Before moving on to single-cell predictions, let's look at an example that illustrates this situation: we'll generate synthetic autoregressive series of different lengths and train larger networks than we've used so far, and then compare them to the naïve model $x(t) = x(t-1)$.

In [None]:
def make_autoregressive_series(n):

    sigma = 20. # variance of noise term
    delta = 0. # drift
    phi1 = 0.75 # 1st-order autoregression coefficient
    w = np.random.normal(loc=0, scale=2, size=n) # noise vector
    t = np.arange(n) # time vector
    x = np.zeros(n, float) # initialize series
    T1, T2, T3 = 100000, 5000, 500 # periods of seasonal components
    s1, s2, s3 = np.sin(2.*np.pi/T1*t), np.sin(2.*np.pi/T2*t), np.sin(2*np.pi/T3*t)
    x[0] = 0.0 # first value of series

    # build series
    for i in range(1, n, 1):
        x[i] = delta + phi1*x[i-1] + + s1[i] + s2[i] + s3[i] + w[i]
    
    x = pd.DataFrame(x, index=t, columns=['x'])

    return x

x = make_autoregressive_series(n=300000)

big_datasets = split_and_standarize_data(x, f_train=0.6, f_val=0.2)

CONV_WIDTH = 50
LABEL_WIDTH = 1
INPUT_WIDTH = LABEL_WIDTH + (CONV_WIDTH - 1)

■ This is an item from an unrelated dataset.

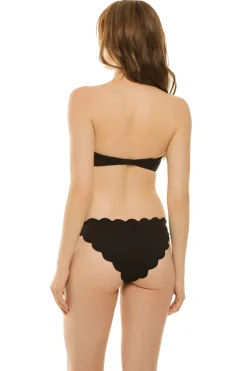 Antibes Sweetheart Scalloped Bandeau Bikini Top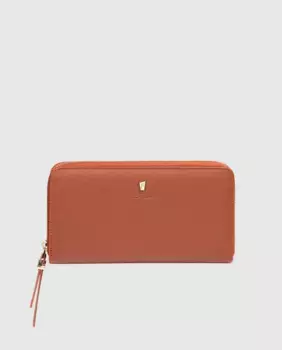 Женский кошелек из коричневой кожи Festina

conv_bigdata = tf.keras.Sequential([
    tf.keras.layers.Conv1D(filters=30, kernel_size=(CONV_WIDTH // 2,)),
    tf.keras.layers.Flatten(),
    tf.keras.layers.Dense(30),
    tf.keras.layers.Dense(units=1),
    tf.keras.layers.Reshape((1, 1))
])

w_conv_bigdata = WindowGenerator(
    input_width=INPUT_WIDTH, 
    label_width=LABEL_WIDTH, 
    offset=1, 
    train_df=big_datasets['train_df'],
    val_df=big_datasets['val_df'],
    test_df=big_datasets['test_df'],
    batch_size=BATCH_SIZE,
    label_columns=['x'])

print(f'X shape = {w_conv_bigdata.example[0].shape}')
print(f'y_pred shape = {conv_bigdata(w_conv_bigdata.example[0]).shape}')
print(f'y_obs shape = {w_conv_bigdata.example[1].shape}')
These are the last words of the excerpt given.